In case of a huge web data miner, if possible, prefer machines with two network cards: one for the internal communication (Mandrel and the engine/messaging storages) and an other for the Internet access.
Java
Cloud
Be aware of the cost introduced by fetching too much data…
Case studies
Troubleshooting
Note
|
Section pending |
Glossary
Note
|
Section pending |
- coordinator
-
is the main process for a Mandrel infrastructure.
- frontier
-
is the process keeping the state of the jobs.
- standalone
-
a all-in-one process composed by the ui, worker, frontier and coordinator
- worker
-
is the process collecting the data from the source.
Appendix A: Bibliography
Appendix B: Copyright and License
Note
|
Section pending |
This software is licensed under the Apache License, version 2 ("ALv2"), quoted below.
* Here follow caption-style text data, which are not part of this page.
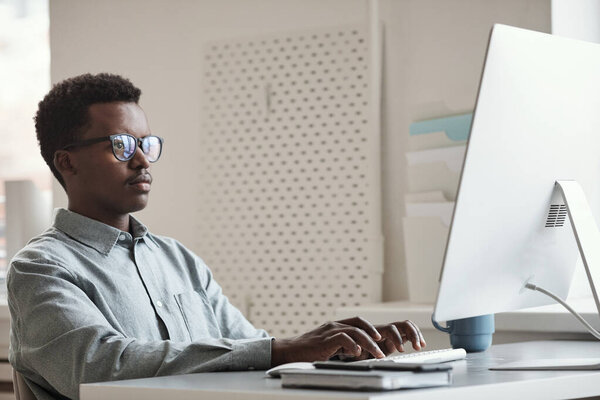 Young Man Working in Office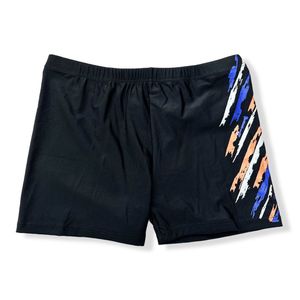 Short de bain court uni à motif graphique abstrait sur le côté droit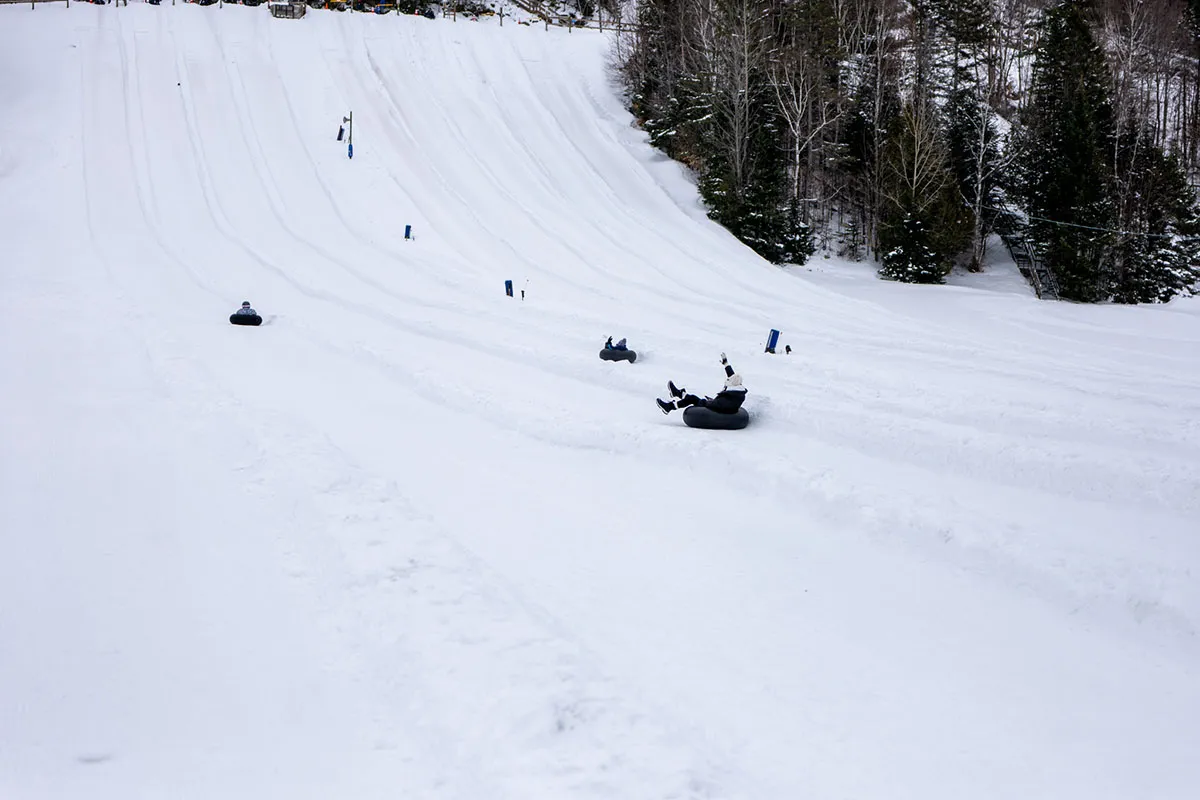Pessoas descendo em tubos na neve.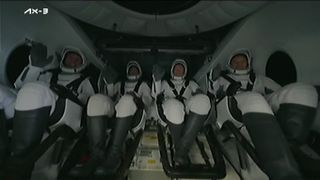 Four Ax-3 astronauts wave inside the SpaceX Dragon capsule Freedom after splashdown on Feb. 9, 2024.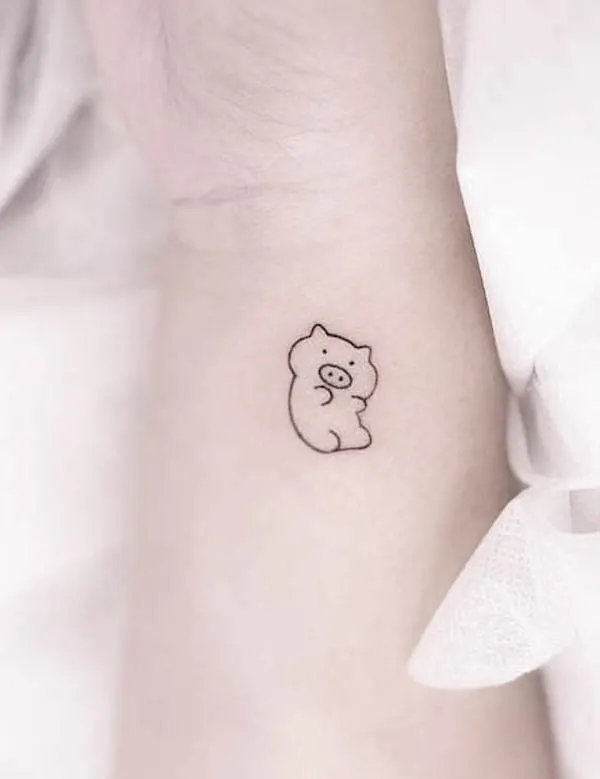 Cute piggy wrist tattoo by @element_inker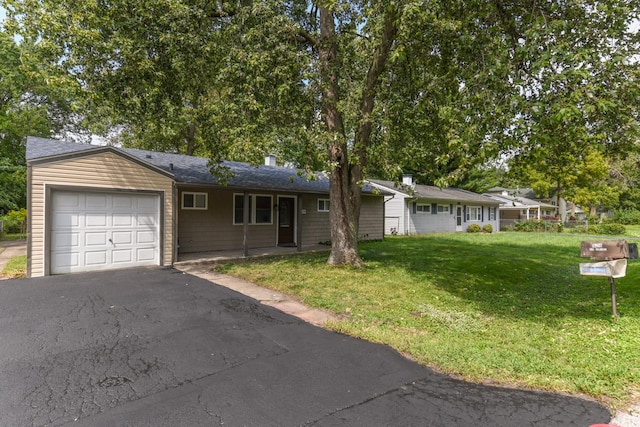 single story home with a front yard and a garage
Copyright 2009-2016 Mandrel
Licensed under the Apache License, Version 2.0 (the "License"); you may not use this file except in compliance with the License. You may obtain a copy of the License at
http://www.apache.org/licenses/LICENSE-2.0
Unless required by applicable law or agreed to in writing, software distributed under the License is distributed on an "AS IS" BASIS, WITHOUT WARRANTIES OR CONDITIONS OF ANY KIND, either express or implied. See the License for the specific language governing permissions and limitations under the License.